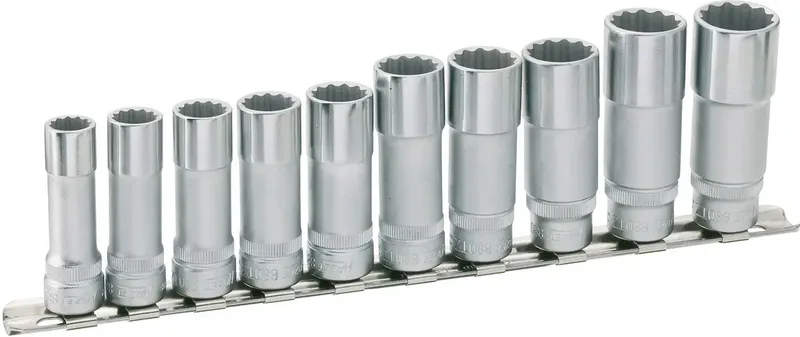 Steckschlüsseleinsatz-Set 3/8 (10 mm) 10teilig 880TZ/10H by Hazet – product image
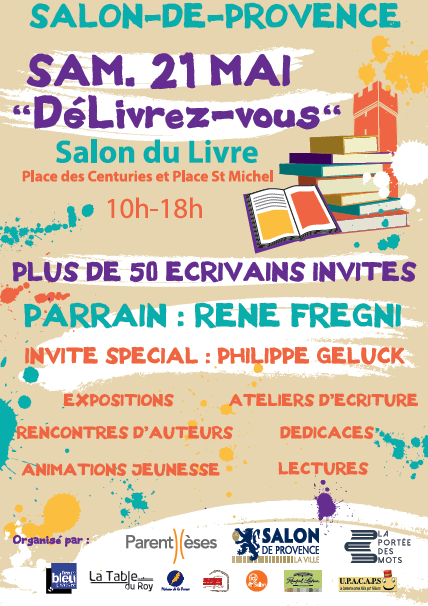 Salon du livre 21 mai 2016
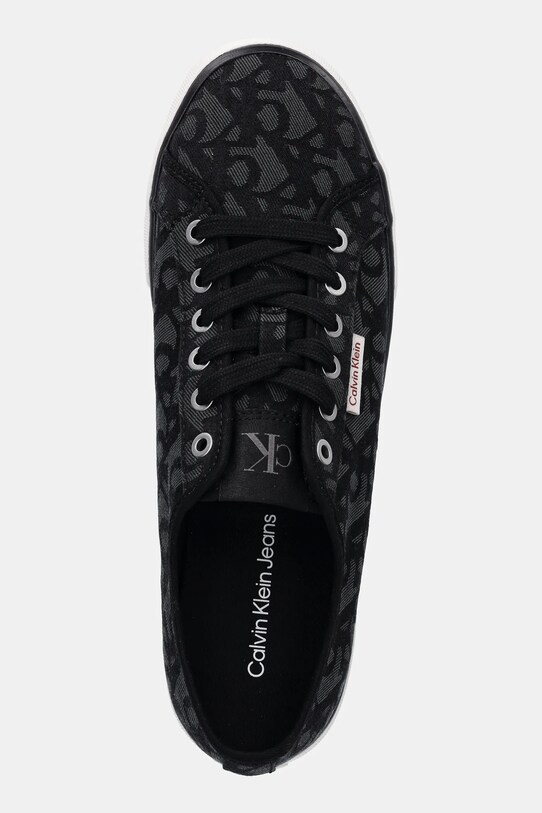 Tenisice Calvin Klein Jeans ESS VULC LOW MG CV MONO crna YM0YM01368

_WORK ITEM_
Write out the lines of the material from the one containing "Salon du livre 21 mai 2016" through the last, exactly and only those. Leave every picture out.

_YOUR SOLUTION_
 Salon du livre 21 mai 2016
 Tenisice Calvin Klein Jeans ESS VULC LOW MG CV MONO crna YM0YM01368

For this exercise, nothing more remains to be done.